Note-se que a decisão foi prolatada em data posterior a do Decreto-lei nº 147/67, sem que se vislumbre afronta ao texto normativo, mas tão-somente, interpretação restritiva do seu comando.
Segue esta linha de entendimento Jessé Torres Pereira Júnior, que assim leciona:
“A prova que se exigirá doravante é a de regularidade para com o Fisco. A lei alude a ‘regularidade’, que pode abranger a existência de débito consentido e sob o controle do credor. E, não, a quitação, que é ausência de débito” ³.
Analisando o dispositivo sob outro ângulo, Marçal Justen Filho, chama atenção para a significação do termo “regularidade fiscal” contido no art.29, III, da Lei n. 8666/93, enfocando com mais afinco sua adjetivação. Esclarece que, como a exigência é de regularidade fiscal, a mens legis é abarcar apenas débitos de natureza tributária, o que se alcançaria com a certidão da Secretaria da Receita Federal. Acrescenta que a certidão quanto à Dívida Ativa da União acusa débitos inscritos de quaisquer naturezas, inclusive multas ou indenizações, por exemplo, o que não se coaduna com a intenção da lei. Neste ponto é seguido por Hely Lopes Meirelles, que assim assevera:
“Regularidade fiscal é o atendimento das exigências do Fisco... Portanto, a situação de regularidade visada é relativa ao recolhimento de tributos, e não referente a qualquer débito fazendário. Por isso, entendemos ilegal a exigência da apresentação de certidão relativa à dívida ativa da União, que pode refletir outras dívidas que não simplesmente as de origem tributária. De outra sorte, as certidões exigidas não precisam demonstrar a quitação do tributo, sendo aceitas também aquelas que declarem parcelamento do débito ou sua discussão em juízo” 4.

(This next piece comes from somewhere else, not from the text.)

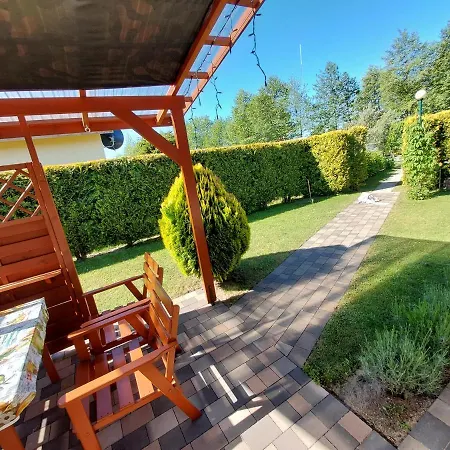 Lawendowy Na Wiejskiej Lubiatowo (Pomerania)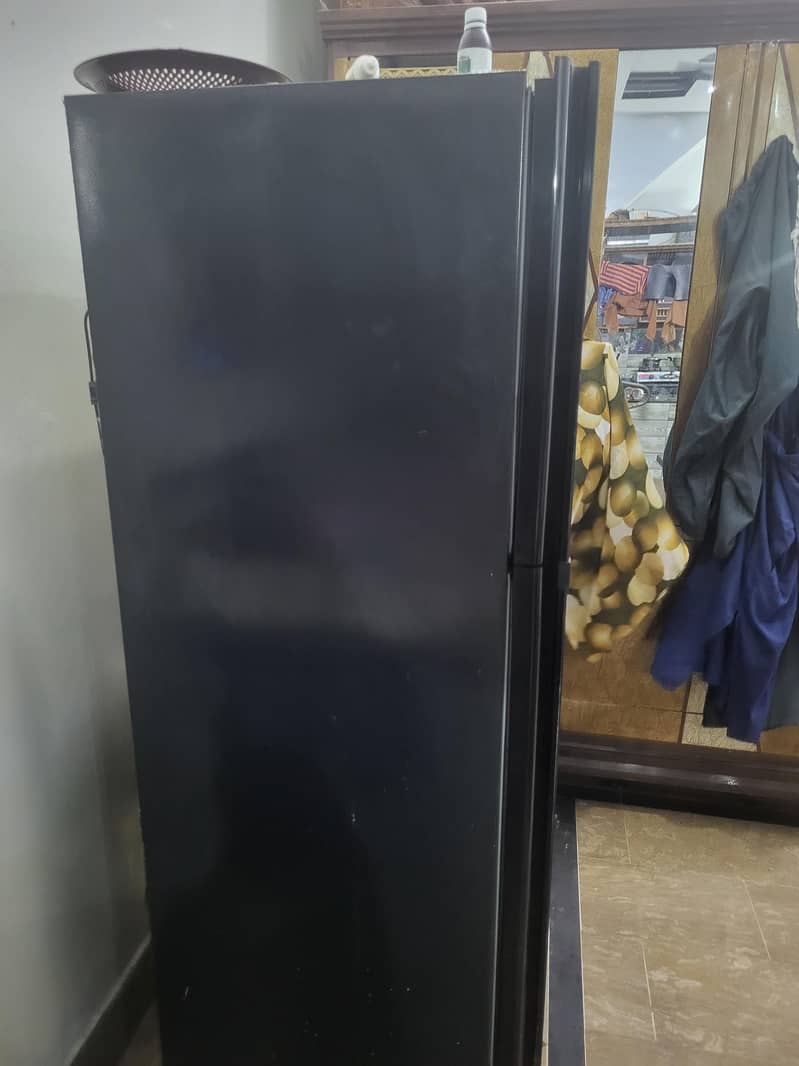 Dawlance fridge medium 8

Diante do exposto, tendo em vista que a Lei n. 8.666/93 exige, em seu art.29, III, apenas prova de regularidade fiscal com as Fazendas, parece evidente a desnecessidade de apresentação das duas certidões exigidas pelo art. 62 do Dec-lei 147/67, vez que este dispositivo tem seu âmbito de incidência restrito aos casos em que a lei exige prova de quitação com a Fazenda Pública.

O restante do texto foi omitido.